Leben auf Pudding

In 50 abgefederten Wohnungen in Eilbek bleiben trotz S-Bahn die Tassen im Schrank  ■ Von Sandra Jessel

Vor Helmut Arndts Schlafzimmer rauscht eine schwere Diesellok vorbei. Doch er hört in seinem Bett nur ein leichtes Zischen. Keine Erschütterung, keine klirrenden Tassen im Schrank. Denn das Haus, in dem Helmut Arndt wohnt, steht auf 100 überdimensionalen Stahlfedern.

Mit diesem ungewöhnlichen technischen Trick hat die Saga ein auf den ersten Blick unbebaubares Grundstück in der Hasselbrookstraße in Eilbek erschlossen. Nur wenige Meter neben einer stark befahrenen viergleisigen Bahntrasse entstanden dort 148 neue Wohnungen, 50 davon „gefedert“. Die letzten wurden nun bezugsfertig.

Jahrzehntelang traute sich kein Bauherr an die Fläche, an der täglich bis zu 200 S-Bahn- und Regionalzüge vorbeibrausen. Als städtebauliche und architektonische Herausforderung schrieb die Bauherrin Saga schließlich einen Wettbewerb aus. Vorausgegangen waren seismographische Bodenmessungen, die die Unbebaubarkeit zunächst bestätigten. Denn nicht nur künftige BewohnerInnen, sondern auch die Bausubstanz werde durch die andauernden Erschütterungen gefährdet, hieß es.

Statiker, Architekten und Schwingungstechniker fanden schließlich die Lösung: 100 Stahlfeder-Pakete. Diese Kästen enthalten jeweils mehrere etwa 40 Zentimeter hohe Stahlfedern und wurden im Abstand von je drei Metern unter den Wohnungen eingebaut. Auf ihnen lasten gut 6000 Tonnen Gewicht. „Die Häuser stehen wie auf einer gallertartigen Masse, die die Erschütterungen abfedert“, erläutert Reinhold Ostendorf von der Saga. Allerdings dürfe man sich die Federn nicht wie Matrazenfedern vorstellen, erklärt ein Bauingenieur der Herstellerfirma. Die Abfederung sei so gering, daß man sie mit bloßem Auge gar nicht wahrnehme.

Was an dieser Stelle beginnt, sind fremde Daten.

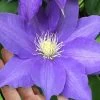 H. F. Young Clematis - 1 Gallon Pot 1 H. F. Young Clematis - 1 Gallon Pot -Outdoor Garden Store clematis h f young 17 1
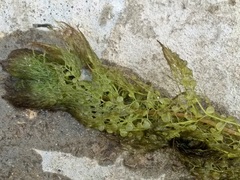 Utricularia australis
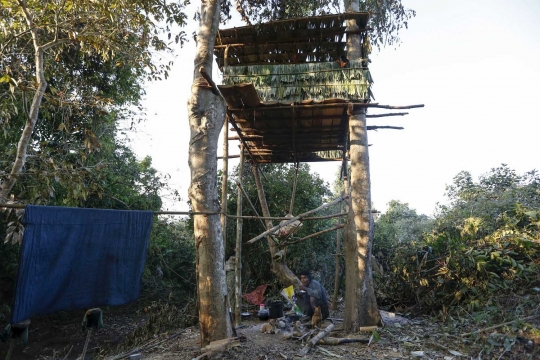Diserang kawanan gajah liar, warga Myanmar bangun rumah pohon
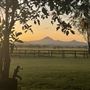 Allenview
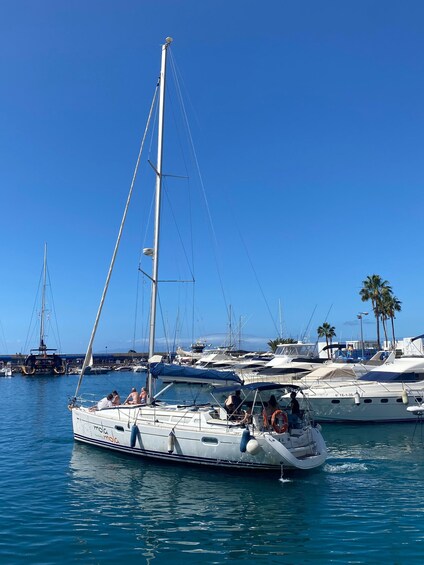 Picture 4 for Activity Puerto Colon: Whale-Watching Sailing Tour with Meal & a Swim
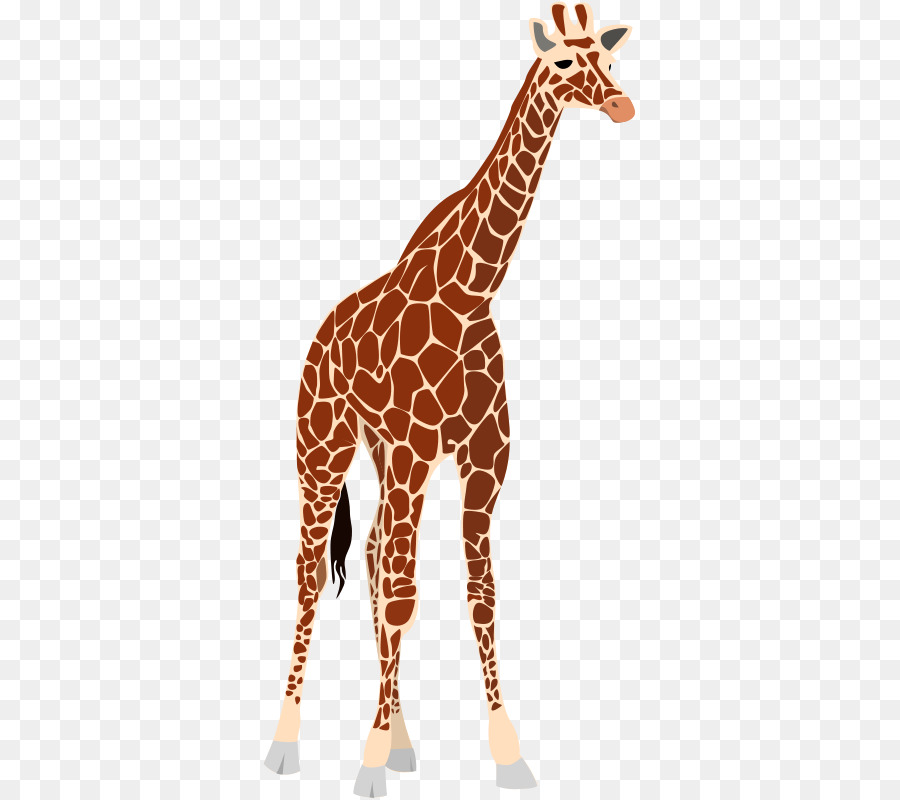 Okapi dell'Africa Occidentale giraffa Clip art - Giraffa Immagini Gratis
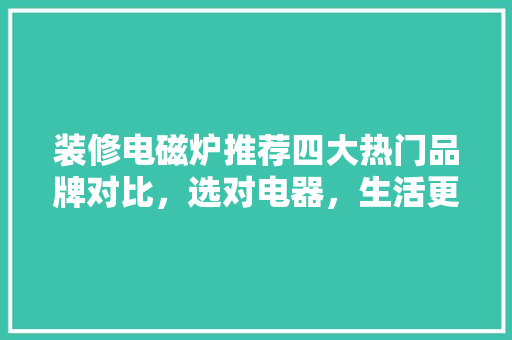 装修电磁炉推荐四大热门品牌对比，选对电器，生活更便捷！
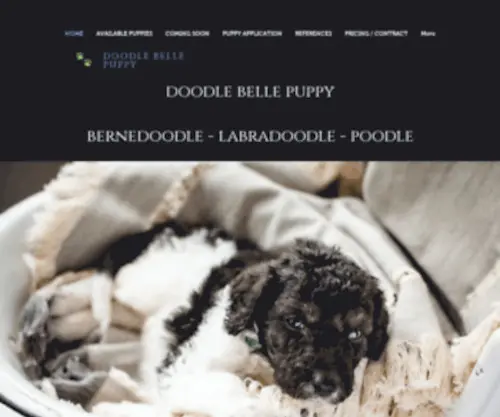 Doodlebellepuppy.com(Puppy culture) Screenshot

Im grünen Innenhof der Wohnanlage spielen heute Kinder. Eine sechs Meter hohe Mauer schützt sie vor dem Zuglärm. Insgesamt 400 Menschen leben in den neuen Wohnblöcken. Das Gefühl, auf Federn zu wohnen, stört Mieterin Birgit van Hettinga nicht: „Wenn ich das Gefühl hätte, hier schwankt und wackelt alles, wäre ich schon längst ausgezogen.“ Eine andere Bewohnerin ist froh, daß sie auf den Federn wohnt. Spüre man vor der Haustür ein leichtes Wackeln, herrsche in der Wohnung angenehme Ruhe. Messungen haben ergeben, daß 98 Prozent der Erschütterungen abgefangen werden und somit „unter der Fühlgrenze“ liegen.

Die Kosten für die schwingenden Wohnungen lagen mit 28 Millionen Mark etwa zehn Prozent höher als im regulären Wohnungsbau. Mehrfamilienhäuser auf der grünen Wiese außerhalb der Stadt würden aber viel teurer kommen, weil die nötige Infrastruktur fehle, meint Ostendorf. Und inzwischen zögen die gefederten Häuser Baufachleute aus ganz Deutschland an, die von der neuen Technik profitieren wollten.